> [DIRECTIONS]:
What you return should be the exact lines from the one with "16399 Marsh Lane Punta Gorda FL 33982" to the end of the records below, both included, and no pictures.

RECORDS FOR PROCESSING Block Start

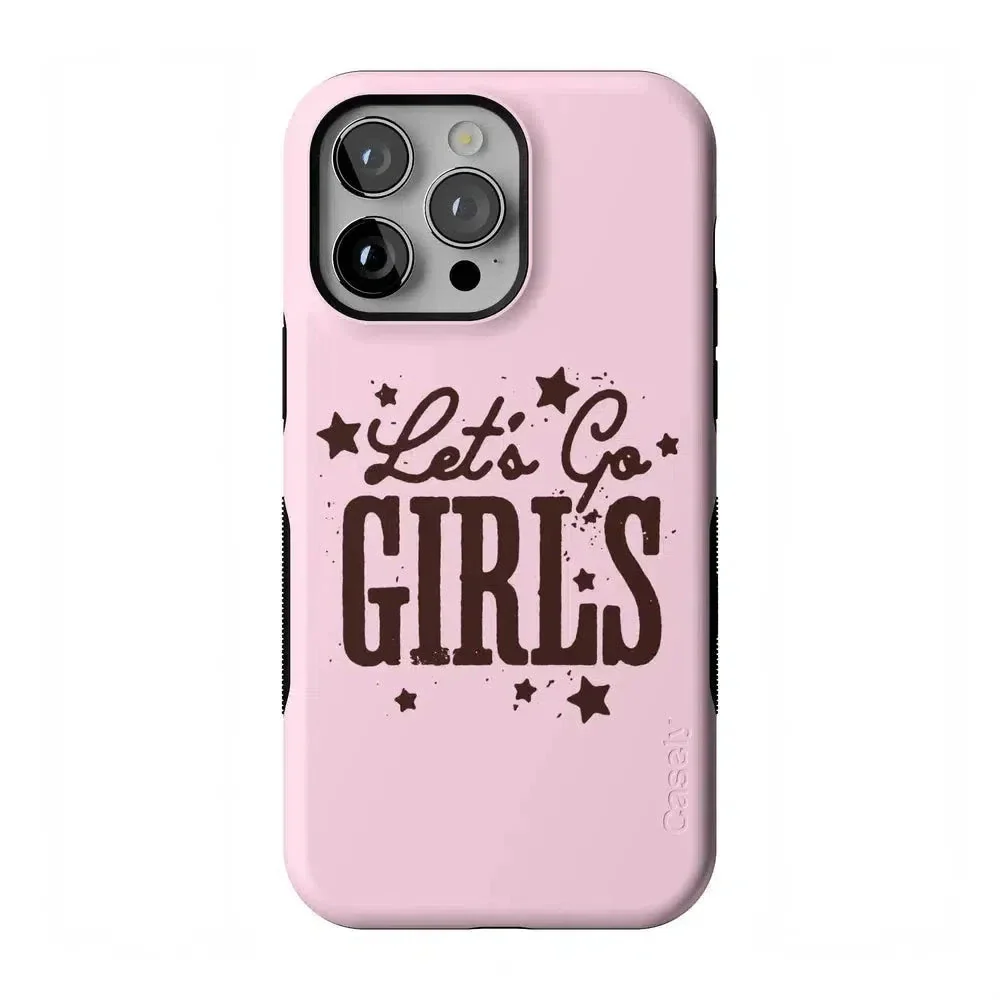 Let's Go Girls | Pink Rodeo Bachelorette Case - Image 137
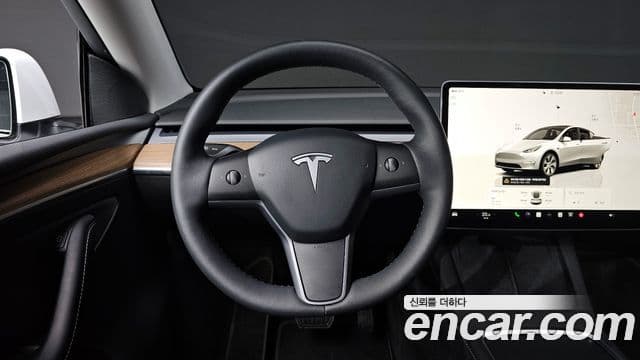 Tesla модель Y, 2024 13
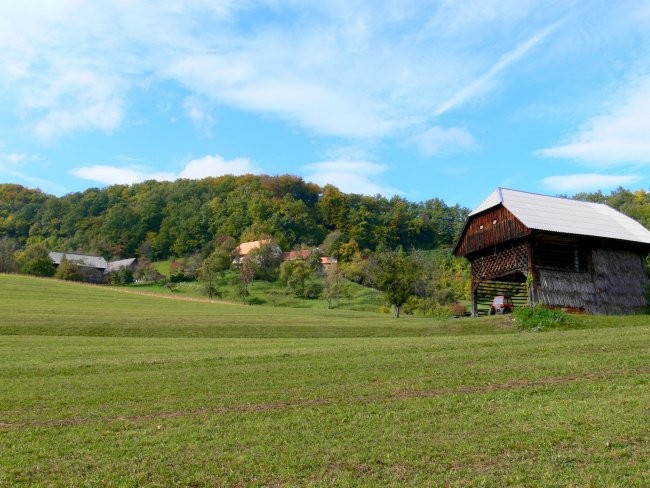 Podeželje - foto povečava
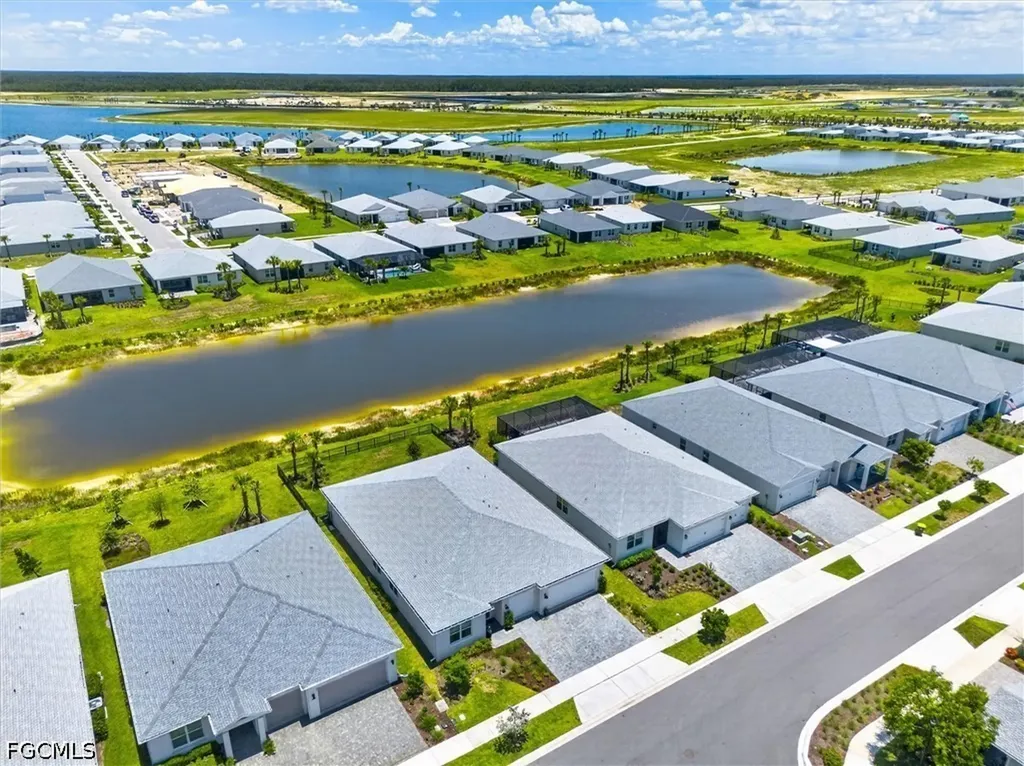 16399 Marsh Lane Punta Gorda FL 33982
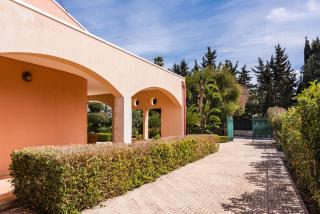 Villa Arenella con piscina - 2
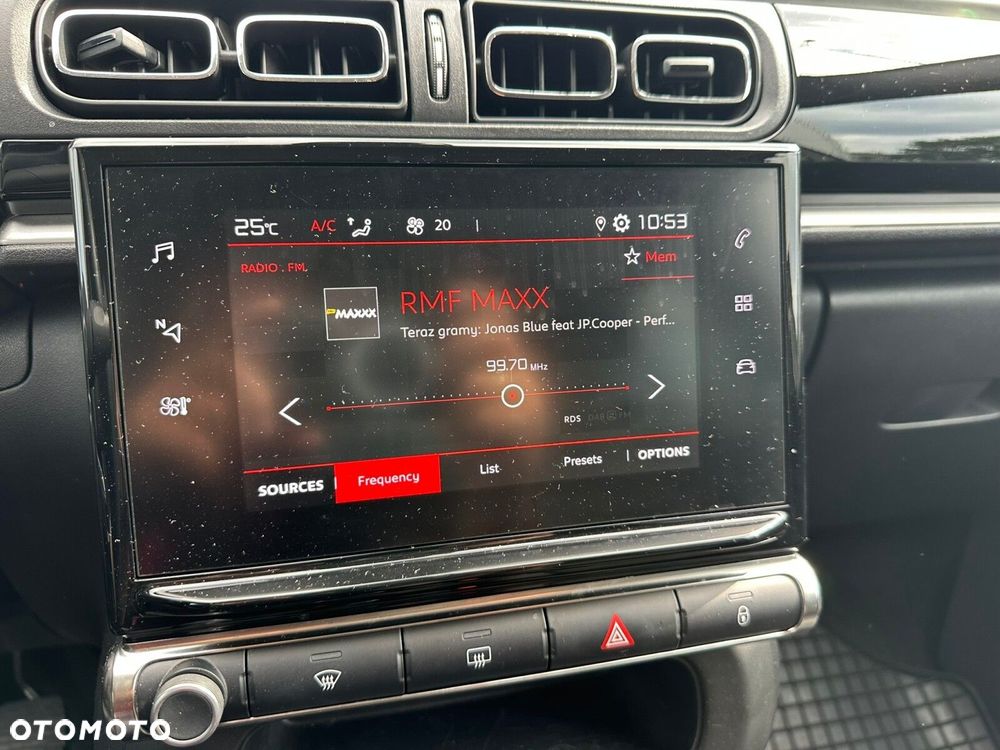 Citroën C3 1.2 PureTech Max - 19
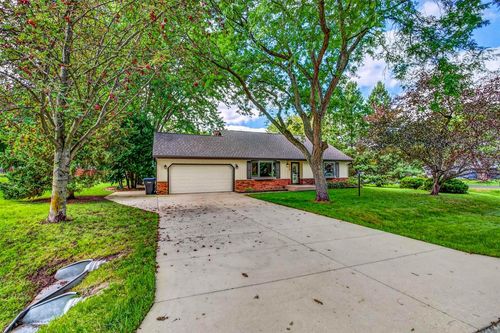6229 Harvest Ln, Deforest, WI, 53532-2806 | Card Image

RECORDS FOR PROCESSING Block End

> [WRITTEN ANSWER]:
 16399 Marsh Lane Punta Gorda FL 33982
 Villa Arenella con piscina - 2
 Citroën C3 1.2 PureTech Max - 19
6229 Harvest Ln, Deforest, WI, 53532-2806 | Card Image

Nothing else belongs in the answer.